- Opening Delimiter -

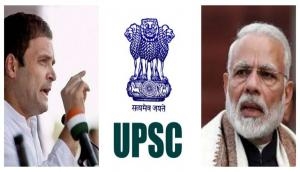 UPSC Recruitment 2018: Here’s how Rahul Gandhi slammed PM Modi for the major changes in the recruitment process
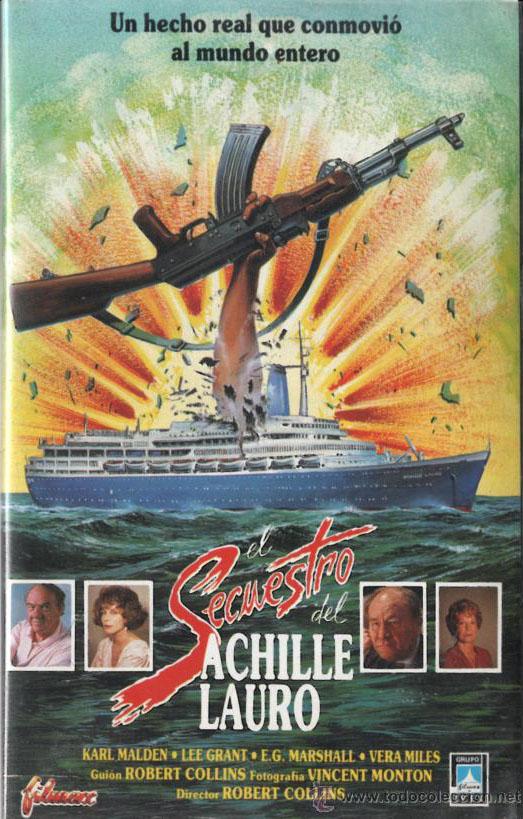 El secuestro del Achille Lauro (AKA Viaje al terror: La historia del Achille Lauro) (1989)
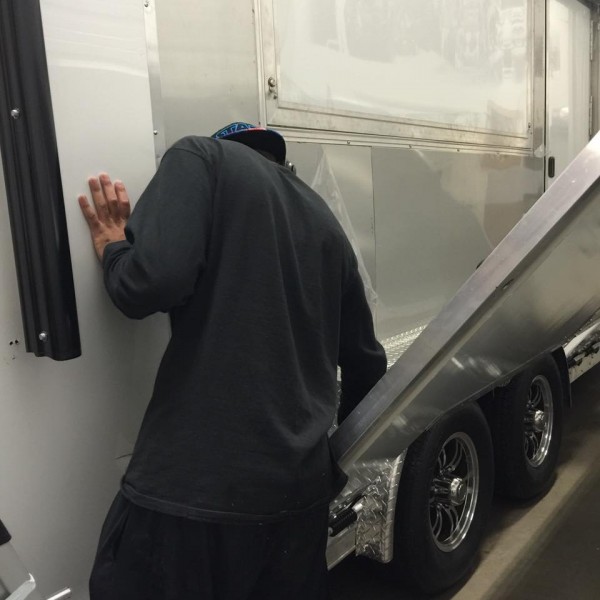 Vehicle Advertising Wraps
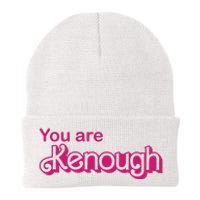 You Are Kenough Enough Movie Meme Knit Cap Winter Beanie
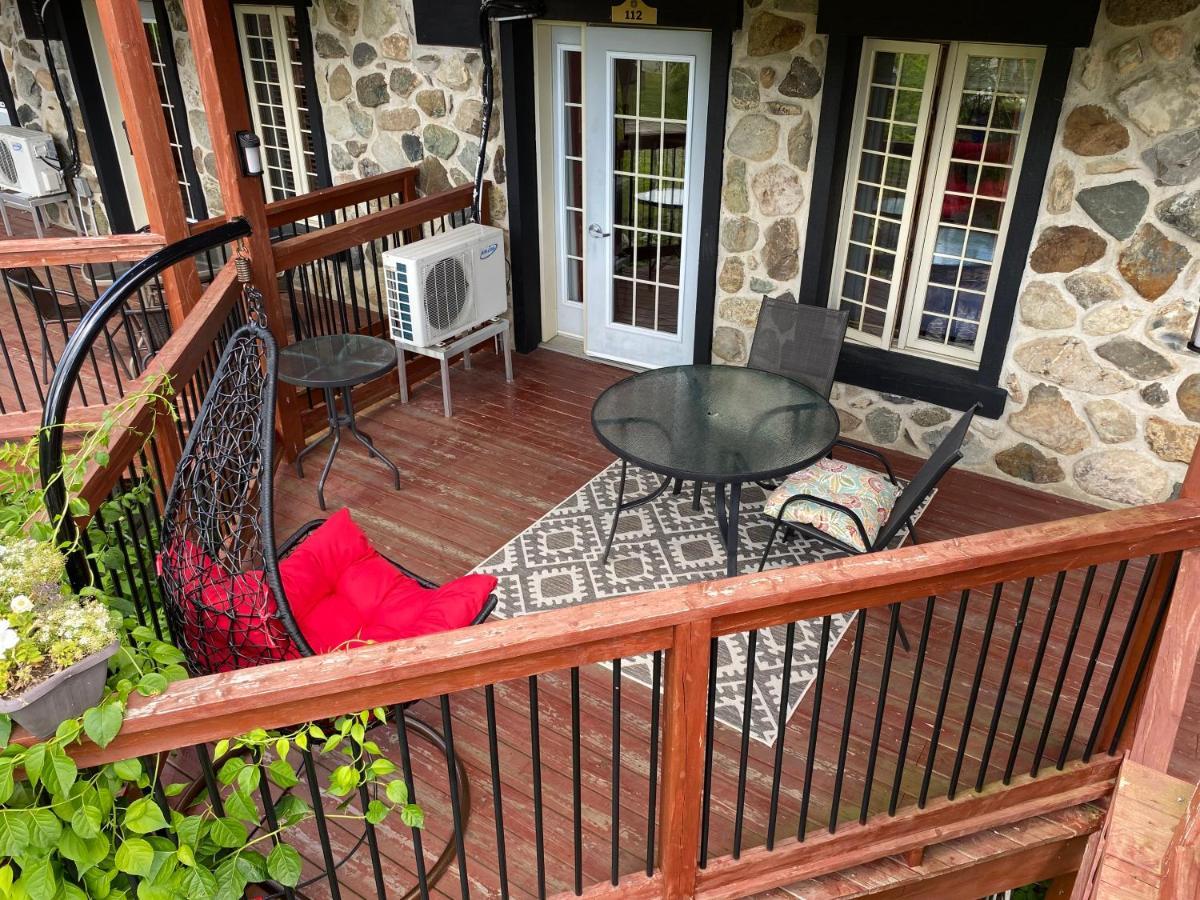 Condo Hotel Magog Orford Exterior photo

- Closing Delimiter -

Drop the pictures; repeat each entry above exactly.

 UPSC Recruitment 2018: Here’s how Rahul Gandhi slammed PM Modi for the major changes in the recruitment process
 El secuestro del Achille Lauro (AKA Viaje al terror: La historia del Achille Lauro) (1989)
 Vehicle Advertising Wraps
 You Are Kenough Enough Movie Meme Knit Cap Winter Beanie
 Condo Hotel Magog Orford Exterior photo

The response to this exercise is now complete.